Bulimia nervosa is an eating disorder in which people regularly binge (or overeat) and then engage in unhealthy behaviors, such as vomiting or using laxatives, to prevent putting on weight. The condition can lead to serious complications, such as dehydration, heart rhythm problems and permanent damage to the esophagus. It most often begins in the teen years or young adulthood, but the disorder can occur at any age.
In the United States, about 1.5 percent of females and 0.5 percent of males will be diagnosed with bulimia in their lifetimes.
Bulimia is characterized by frequent binge eating episodes — sometimes as often as several times a day — followed by purging, according to the National Institutes of Health.
During these binging episodes, patients feel a loss of control over their eating, said Dr.
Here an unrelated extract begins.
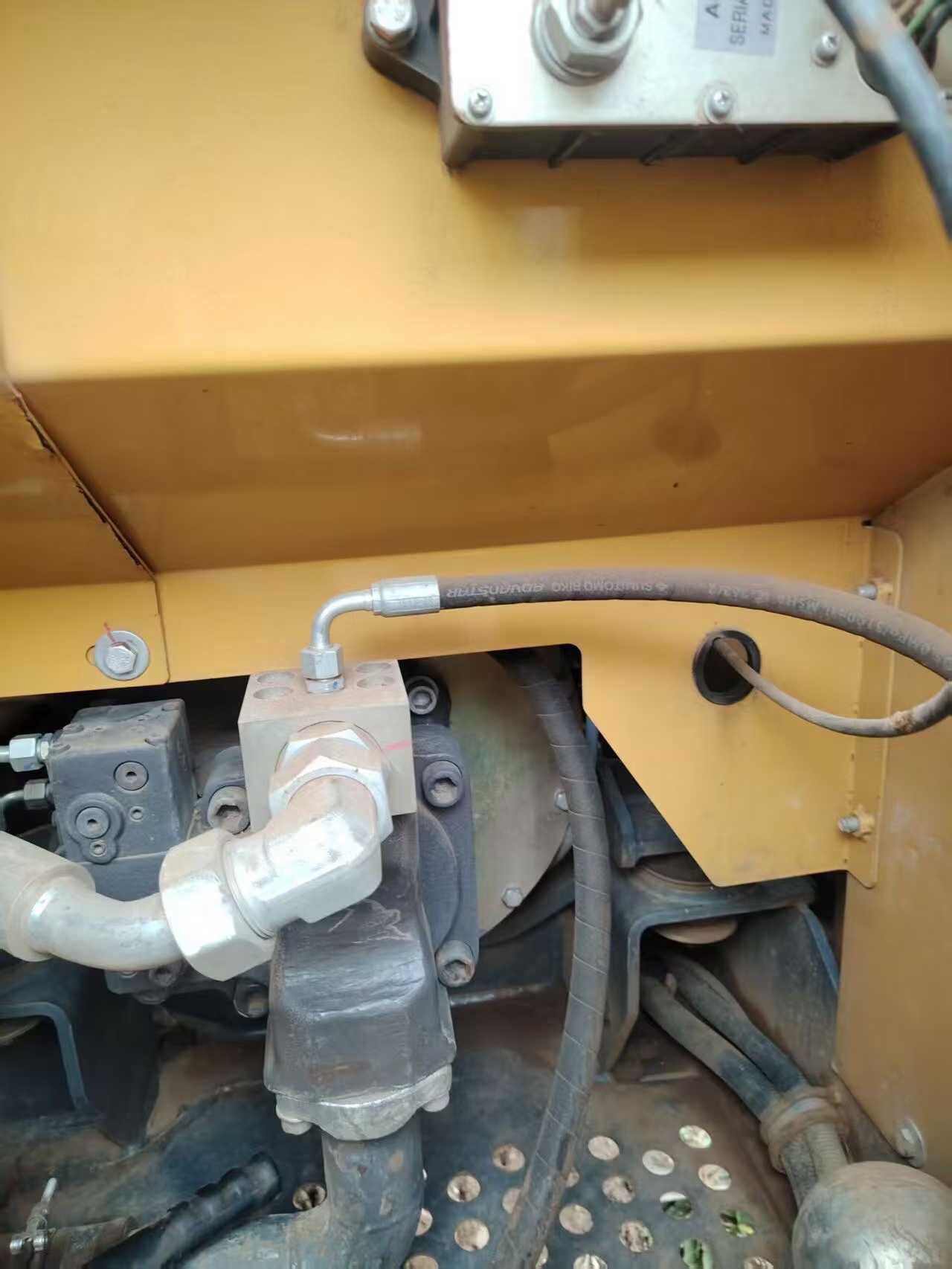 Used XCMG XE75C Excavator 2019 Model / 3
Metee Comkornruecha, adolescent medicine specialist at Miami Children's Hospital. Patients may feel guilt, embarrassment or disgust about their binging, and they may try to hide the behavior, according to the American Psychiatric Association.
To compensate for this eating behavior, people with bulimia engage in "purging," which can include forced vomiting, use of laxatives, enemas or diuretics, or even excessive exercise. Such purging may not always occur after a large meal — it may be after a snack or normal-sized meal.
People with bulimia may have a fear of weight gain or a distorted body image - they think they are much heavier than they really are, Comkornruecha said.
Because people with bulimia are often a normal weight, their condition may go unnoticed by others. According to a 2012 study in the journal Biological Psychiatry, about 65 percent of people with bulimia are normal weight (with a body mass index between 18.5 and 29.9), and only 3.5 percent are underweight (with a BMI less than 18.5).
Friends and family may notice that a person with bulimia will make regular trips to the bathroom right after meals. Parents of children with bulimia may also notice that large amounts of food that they've purchased suddenly disappear, Comkornruecha said.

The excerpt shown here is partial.